INTERGENERATIONAL JUSTICE: GIVE THE KIDS A SAY

“In the future, will we all be stuck in tiny apartments with no outside space?” This was the opening question to me in a recent interview with a group of primary school children. No, I said, slightly taken aback. Grim apartments aren’t the only option. We have a choice. Carefully I painted a picture of the middle way - delightful apartments with rooms and corridors, big windows and balconies, fresh air, sunshine and courtyards.

 

But that was just the start. What, they wanted to know, would future cities be like? Would they, as adults, be able to buy a house? Was politics hopelessly corrupt and self-serving? Would there be runaway climate change?

 

I framed my answers with care, trying to offer at least the possibility of hope. But when, at the end, we reversed roles and I got to ask what they thought the future held, these bright-eyed kids were bleak indeed.

 

With the unswerving clarity of childhood they described a future dominated by climate change, extreme weather, pandemic, pollution, sea-level rise, cramped apartments and depleted biodiversity. I was overwhelmed with sorrow and, yes, with guilt. Is this what we’ve done with all our wealth and freedom? Steal a generation’s hope?

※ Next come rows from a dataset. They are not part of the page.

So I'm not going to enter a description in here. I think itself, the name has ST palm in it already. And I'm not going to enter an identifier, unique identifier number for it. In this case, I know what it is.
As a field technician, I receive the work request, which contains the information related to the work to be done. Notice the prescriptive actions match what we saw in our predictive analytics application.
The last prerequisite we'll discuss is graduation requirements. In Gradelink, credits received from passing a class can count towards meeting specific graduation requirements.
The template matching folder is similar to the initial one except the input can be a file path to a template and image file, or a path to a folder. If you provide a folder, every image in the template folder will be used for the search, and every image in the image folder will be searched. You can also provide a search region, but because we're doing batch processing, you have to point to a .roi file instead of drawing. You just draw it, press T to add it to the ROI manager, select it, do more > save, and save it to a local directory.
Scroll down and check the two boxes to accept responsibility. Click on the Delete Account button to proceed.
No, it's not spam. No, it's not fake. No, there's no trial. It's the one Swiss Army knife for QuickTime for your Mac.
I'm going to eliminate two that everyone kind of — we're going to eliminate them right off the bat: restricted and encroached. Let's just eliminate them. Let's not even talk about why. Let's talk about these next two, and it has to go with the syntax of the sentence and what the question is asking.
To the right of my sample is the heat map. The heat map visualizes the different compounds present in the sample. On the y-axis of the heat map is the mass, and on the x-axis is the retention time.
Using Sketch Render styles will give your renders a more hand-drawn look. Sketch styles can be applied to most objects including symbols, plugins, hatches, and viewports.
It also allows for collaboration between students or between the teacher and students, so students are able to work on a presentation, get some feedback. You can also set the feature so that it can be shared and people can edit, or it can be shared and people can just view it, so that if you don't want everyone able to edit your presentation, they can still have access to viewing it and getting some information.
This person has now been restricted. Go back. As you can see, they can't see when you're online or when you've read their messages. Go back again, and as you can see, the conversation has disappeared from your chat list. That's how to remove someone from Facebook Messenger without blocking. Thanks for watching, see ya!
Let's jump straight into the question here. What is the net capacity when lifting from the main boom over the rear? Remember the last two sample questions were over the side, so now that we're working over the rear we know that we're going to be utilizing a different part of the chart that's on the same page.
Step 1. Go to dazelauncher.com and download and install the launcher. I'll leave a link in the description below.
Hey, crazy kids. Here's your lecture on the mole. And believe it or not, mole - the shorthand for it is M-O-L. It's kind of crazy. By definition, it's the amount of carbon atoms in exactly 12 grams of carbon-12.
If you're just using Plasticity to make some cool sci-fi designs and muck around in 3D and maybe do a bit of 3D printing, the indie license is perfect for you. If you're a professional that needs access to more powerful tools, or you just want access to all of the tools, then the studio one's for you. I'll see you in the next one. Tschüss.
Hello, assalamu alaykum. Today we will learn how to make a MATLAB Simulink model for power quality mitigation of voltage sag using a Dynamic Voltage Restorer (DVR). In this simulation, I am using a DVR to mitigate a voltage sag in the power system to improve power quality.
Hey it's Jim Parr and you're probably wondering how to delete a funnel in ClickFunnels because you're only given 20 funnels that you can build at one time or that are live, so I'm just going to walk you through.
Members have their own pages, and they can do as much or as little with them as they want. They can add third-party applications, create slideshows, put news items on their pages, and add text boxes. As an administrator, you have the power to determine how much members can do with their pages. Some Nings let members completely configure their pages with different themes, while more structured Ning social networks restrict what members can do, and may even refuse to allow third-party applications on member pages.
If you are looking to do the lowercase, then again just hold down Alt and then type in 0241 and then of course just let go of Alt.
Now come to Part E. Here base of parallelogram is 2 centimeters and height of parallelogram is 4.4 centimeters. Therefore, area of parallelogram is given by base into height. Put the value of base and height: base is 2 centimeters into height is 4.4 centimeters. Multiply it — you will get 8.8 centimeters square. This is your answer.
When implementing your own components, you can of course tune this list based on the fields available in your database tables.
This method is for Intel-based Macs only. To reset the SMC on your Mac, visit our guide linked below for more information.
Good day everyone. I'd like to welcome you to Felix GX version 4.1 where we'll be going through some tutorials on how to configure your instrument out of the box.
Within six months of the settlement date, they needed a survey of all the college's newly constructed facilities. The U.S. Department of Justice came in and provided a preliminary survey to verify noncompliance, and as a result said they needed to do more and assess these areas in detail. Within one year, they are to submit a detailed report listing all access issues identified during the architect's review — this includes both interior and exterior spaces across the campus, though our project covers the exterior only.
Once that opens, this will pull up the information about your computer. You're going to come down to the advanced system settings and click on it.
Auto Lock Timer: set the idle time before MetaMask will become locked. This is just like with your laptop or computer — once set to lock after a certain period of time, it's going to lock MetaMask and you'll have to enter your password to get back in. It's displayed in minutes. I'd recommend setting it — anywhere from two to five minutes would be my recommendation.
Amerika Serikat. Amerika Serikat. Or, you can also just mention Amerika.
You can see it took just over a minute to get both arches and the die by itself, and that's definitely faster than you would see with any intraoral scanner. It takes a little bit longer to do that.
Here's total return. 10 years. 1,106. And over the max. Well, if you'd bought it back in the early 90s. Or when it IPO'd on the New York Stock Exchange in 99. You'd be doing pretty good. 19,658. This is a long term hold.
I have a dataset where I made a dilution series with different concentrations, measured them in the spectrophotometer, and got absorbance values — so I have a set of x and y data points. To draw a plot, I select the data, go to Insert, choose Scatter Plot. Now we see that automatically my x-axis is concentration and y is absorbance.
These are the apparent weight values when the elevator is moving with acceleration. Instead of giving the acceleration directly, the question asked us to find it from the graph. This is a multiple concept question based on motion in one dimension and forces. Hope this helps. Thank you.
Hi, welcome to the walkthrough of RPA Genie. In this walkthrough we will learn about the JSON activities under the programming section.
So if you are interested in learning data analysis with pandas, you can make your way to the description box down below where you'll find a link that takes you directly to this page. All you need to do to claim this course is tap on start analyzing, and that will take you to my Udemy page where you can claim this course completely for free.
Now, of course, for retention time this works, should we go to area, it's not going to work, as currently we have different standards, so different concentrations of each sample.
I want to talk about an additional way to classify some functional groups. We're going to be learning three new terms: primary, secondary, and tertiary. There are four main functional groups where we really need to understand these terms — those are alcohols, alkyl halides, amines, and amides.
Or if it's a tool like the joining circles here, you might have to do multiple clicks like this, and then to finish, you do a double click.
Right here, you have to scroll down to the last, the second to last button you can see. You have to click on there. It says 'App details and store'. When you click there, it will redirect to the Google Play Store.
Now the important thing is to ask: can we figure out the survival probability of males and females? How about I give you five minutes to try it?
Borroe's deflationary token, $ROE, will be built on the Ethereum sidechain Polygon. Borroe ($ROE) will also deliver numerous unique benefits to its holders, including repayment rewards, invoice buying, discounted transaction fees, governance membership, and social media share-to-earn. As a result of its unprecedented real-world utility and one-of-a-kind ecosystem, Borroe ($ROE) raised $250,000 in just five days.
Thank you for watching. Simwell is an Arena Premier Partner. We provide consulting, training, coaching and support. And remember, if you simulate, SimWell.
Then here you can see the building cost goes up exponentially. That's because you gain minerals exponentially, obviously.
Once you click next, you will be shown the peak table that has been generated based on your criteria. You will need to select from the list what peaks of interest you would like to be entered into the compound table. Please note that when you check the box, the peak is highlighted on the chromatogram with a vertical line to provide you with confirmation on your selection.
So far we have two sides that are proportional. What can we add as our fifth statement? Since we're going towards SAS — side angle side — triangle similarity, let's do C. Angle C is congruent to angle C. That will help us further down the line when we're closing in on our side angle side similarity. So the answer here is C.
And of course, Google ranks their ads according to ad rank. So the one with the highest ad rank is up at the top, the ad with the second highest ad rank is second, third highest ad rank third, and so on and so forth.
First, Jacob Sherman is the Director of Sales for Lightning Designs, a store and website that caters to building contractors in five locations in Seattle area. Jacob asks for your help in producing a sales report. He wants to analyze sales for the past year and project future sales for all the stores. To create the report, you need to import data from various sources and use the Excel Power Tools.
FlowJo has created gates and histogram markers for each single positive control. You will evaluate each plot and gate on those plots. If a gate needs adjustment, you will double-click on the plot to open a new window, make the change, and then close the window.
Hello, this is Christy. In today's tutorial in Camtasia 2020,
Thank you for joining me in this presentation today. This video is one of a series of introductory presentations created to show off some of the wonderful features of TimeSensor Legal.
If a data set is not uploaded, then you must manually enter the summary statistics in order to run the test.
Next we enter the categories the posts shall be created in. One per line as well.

Of course, it’s not only children who suffer. But already children are bearing the brunt. Our cities are increasingly unequal, not only in income but in their distribution of and access to public resources. Between 1950 and 1960, 96% of Australia’s economic growth went to the bottom 90% of Australians. Between 2009 and 2019, however, it plummeted to a mere 7%. That means that almost all the wealth increase went to the ultra-wealthy few.

 

This dramatic inequality reflects in every aspect of our city – heat, health, air quality and access. The billionaires, broadly speaking, have small families near the cleansing coast. Meanwhile large families with lower incomes are, indeed, stuck increasingly in small, depressing apartments disproportionately affected by urban heat, air pollution, travel costs and chronic disease. The same inequity applies through time, disadvantaging future generations.

 

So when, finally, the kids asked me if children should have the vote, I was given pause. Normally I’d say no. Children need guidance from experience, from those able to see the bigger picture. But on this huge, bleeping-red question of our time - the shaping of the future - it's impossible to argue either that adults are doing it better or that those most affected should be excluded.

 

This is yet another argument in favour of a diverse, deliberative and randomly selected means of collective decision making. It may not be practical to include children as Citizen Jurors but they must be given voice, included in the array of expert witnesses invited to address the jury.

Children understand a lot more than we think. They know the difference between a long, boring drive to school and a gentle, tree-shaded walk. They see the news and understand that the future is in jeopardy. They know that these are problems that can only be solved together, collaboratively. To lock them into a backseat bubble of happy-toons and social media is to do them a gross disservice.

 

The Better Cities Initiative, in using the Citizens’ Jury to create a Citizens Charter for planning and city-making, works to restore equity and sustainability and rebalance resource distribution for both current and future generations. I say, give the kids a say!